28 Jan 2021

Benchmarking Nanopore basecallers: some observations on the Bonito basecaller

 We have sequenced several fish genomes on our MinION. Whenever there is a new version of the Guppy basecaller I re-basecall a small dataset from each species and align the raw sequences to previously published, independent references. Using Heng Li's one-liner for sequence identity, I get an estimate of the raw error rate of the sequences. 




Frequency distrubutions of percent identity to reference for Species 1. 


The Bonito 441 basecaller (using the res_dna_r941_min_crf_v031 model from Rerio) has a nice improvement in raw accuracy. At the moment this comes at the cost of slower basecalling speeds (~3 times slower on our GTX 1080 GPU). According to ONT a speed upgrade should be coming soon with a new Guppy release!

In my tests Bonito resulted in slightly less total bases, but slightly higher proportion of those reads mapped to the reference (using MiniMap2 and Samtools).
 



In Bonito the low default chunk_size of 720 may be reducing slightly the accuracies. Setting chunk_size instead to 1000 resulted in a small improvement in the accuracies. Setting it to 1200 or higher caused it to crash. 
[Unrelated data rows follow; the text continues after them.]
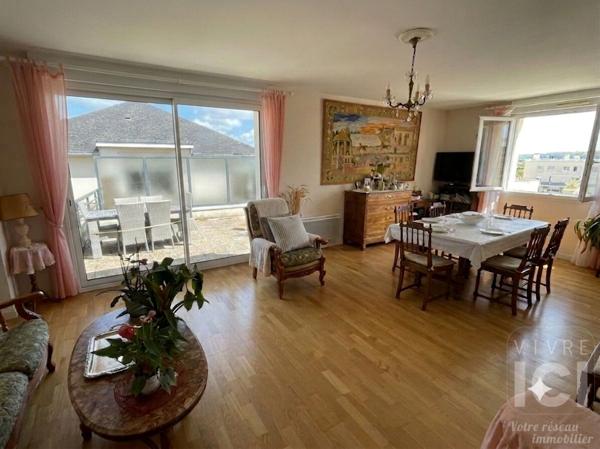 APPARTEMENT - T3 - DERNIER ETAGE - 77M²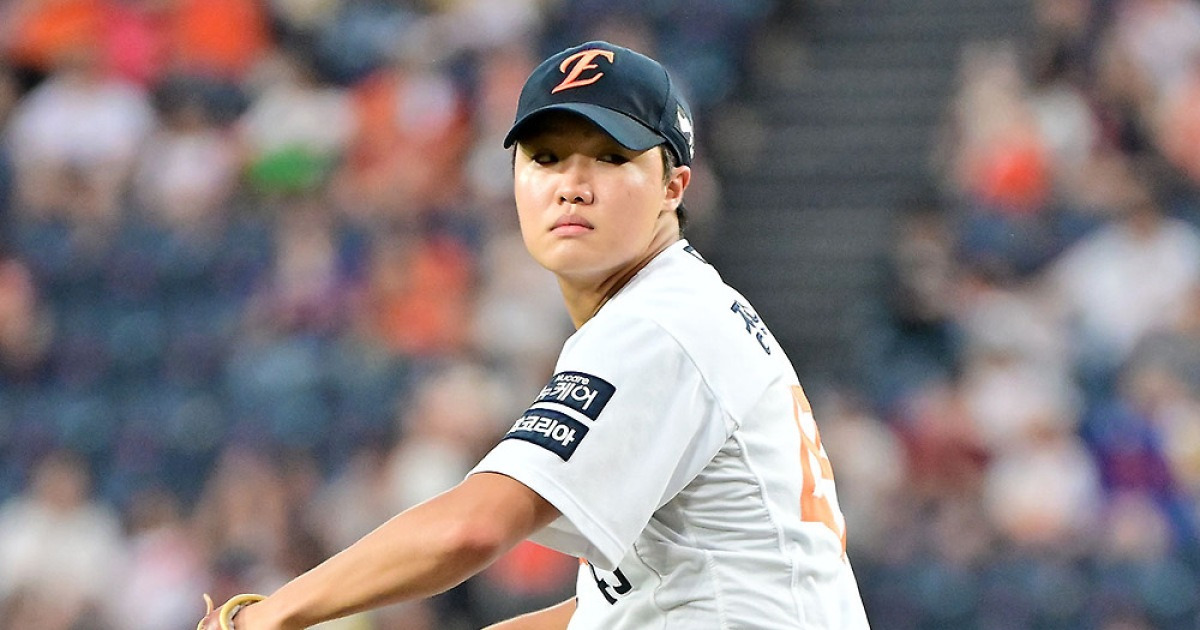 '153km 쾅' 또 KKK 압도했다…데뷔 시즌에 가을야구→태극마크까지, 정우주 "나는 행운아" [대전 인터뷰]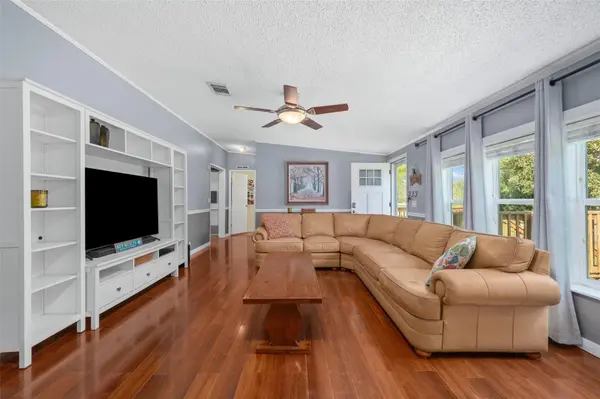 19923 SW 15TH AVE, Newberry, FL 32669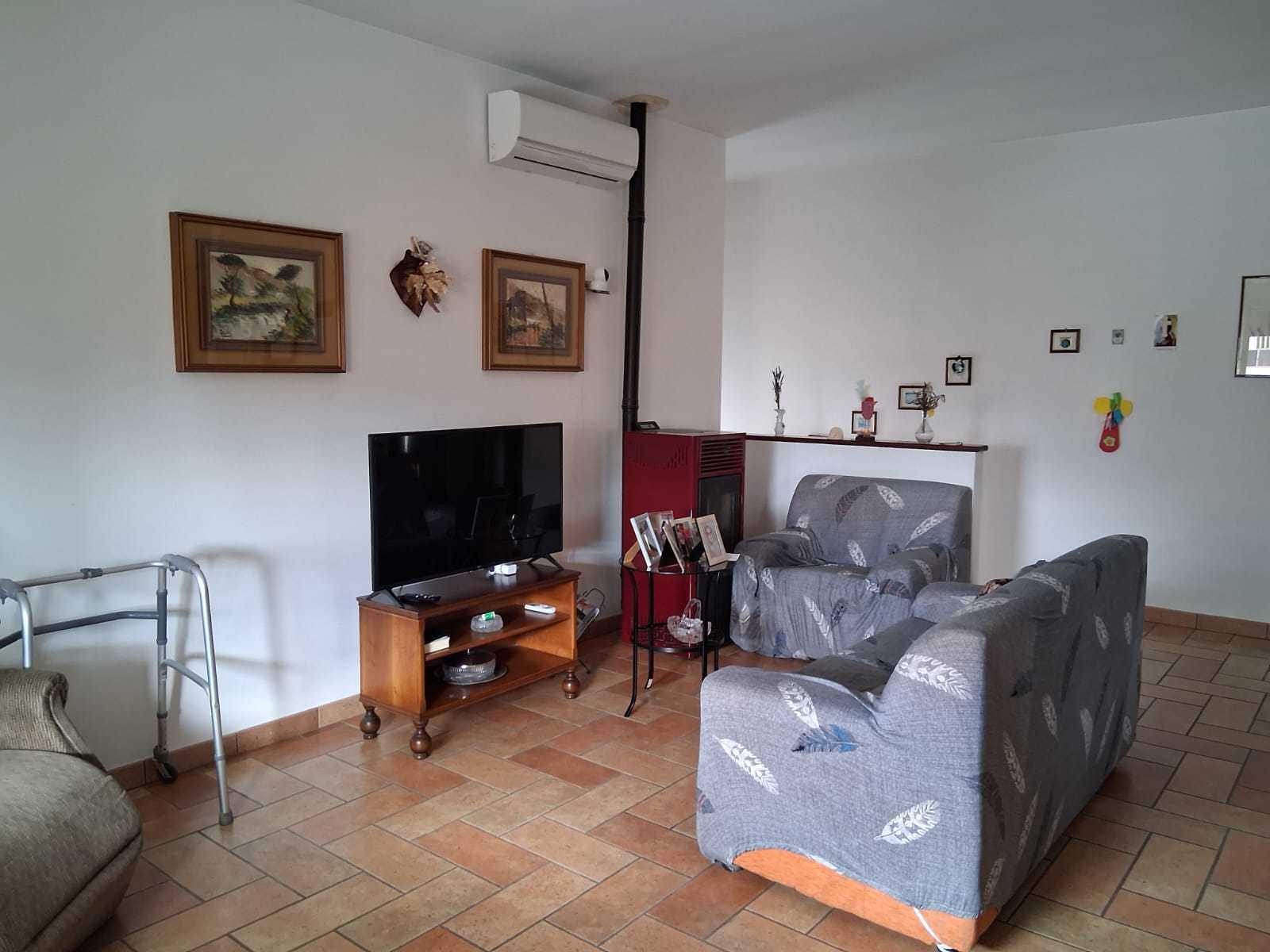 Quadrilocale con giardino in via piave 66, Santa Maria Nuova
Lastly, it seems the fastq quality scoring is broken in Bonito, seeing how there is no relation between the quality scores and percent match when mapping the reads to the reference genome (unlike in Guppy):





Plots were made in NanoPlot



25 Jan 2021

Basecalling on the MinION Mk1C - speed up by 3x!

We recently received our new Mk1C MinION sequencer/mini PC. It has a GPU for basecalling, but it is much weaker than the GTX1080 in our standalone MinION PC, so it will probably not be used much for basecalling. Since the Mk1C runs on Linux Ubuntu one can ssh in and run commands from the terminal. In this way I did some benchmarking with various Guppy parameters. This revealed that while the basecalling speed with the "fast" model cannot be improved much, the "HAC" (High Accuracy) model can be sped up by almost 3 times! 



Increasing the chunks_per_runner seems to be the only setting that makes much difference (thanks to https://github.com/sirselim/jetson_nanopore_sequencing) Increasing it to above 512 caused hangs and crashes. In one case I had to force reboot the Mk1C by pressing the power button for ~10 seconds. All tests were done on a single fast5 file using Guppy423 (MinION Release 20.10.3). Use these settings at your own risk! 
 
Best Mk1C basecaller speed:
guppy_basecaller --config dna_r9.4.1_450bps_hac.cfg --input_path /data/jon/fast5 --save_path /data/jon/Guppy423 --qscore_filtering --device auto --num_callers 1  --gpu_runners_per_device 2 --chunks_per_runner 512





Memory use
I used this command to log the memory use every five seconds:
top -d 5 -b | grep 'KiB Mem' >> freeMem.txt
Below is the minimum amount of free memory during each benchmark session (Hac model)

chunks_per_runner    free memory (MB)
48                                  816
256                                286
512                                  78


Getting temperature readings from the terminal:
As a Linux novice I just copy and paste commands I find online and hope it works: 
paste <(cat /sys/devices/virtual/thermal/thermal_zone*/type) <(cat /sys/devices/virtual/thermal/thermal_zone*/temp) | column -s $'\t' -t | sed 's/\(.\)..$/.\1°C/'

Example result:
BCPU-therm        36.5°C
MCPU-therm       36.5°C
GPU-therm          35.0°C
PLL-therm           36.5°C
Tboard_tegra       32.0°C
Tdiode_tegra       33.0°C
PMIC-Die          100.0°C
thermal-fan-est   35.9°C

The 100 degrees for the PMIC-Die is not real. I did a full basecalling of a previous run to see if the basecaller would be stable with the new settings, and there were no issues, but it took several days to complete. The temperatures never got very high. But the fan does make a bit of noise!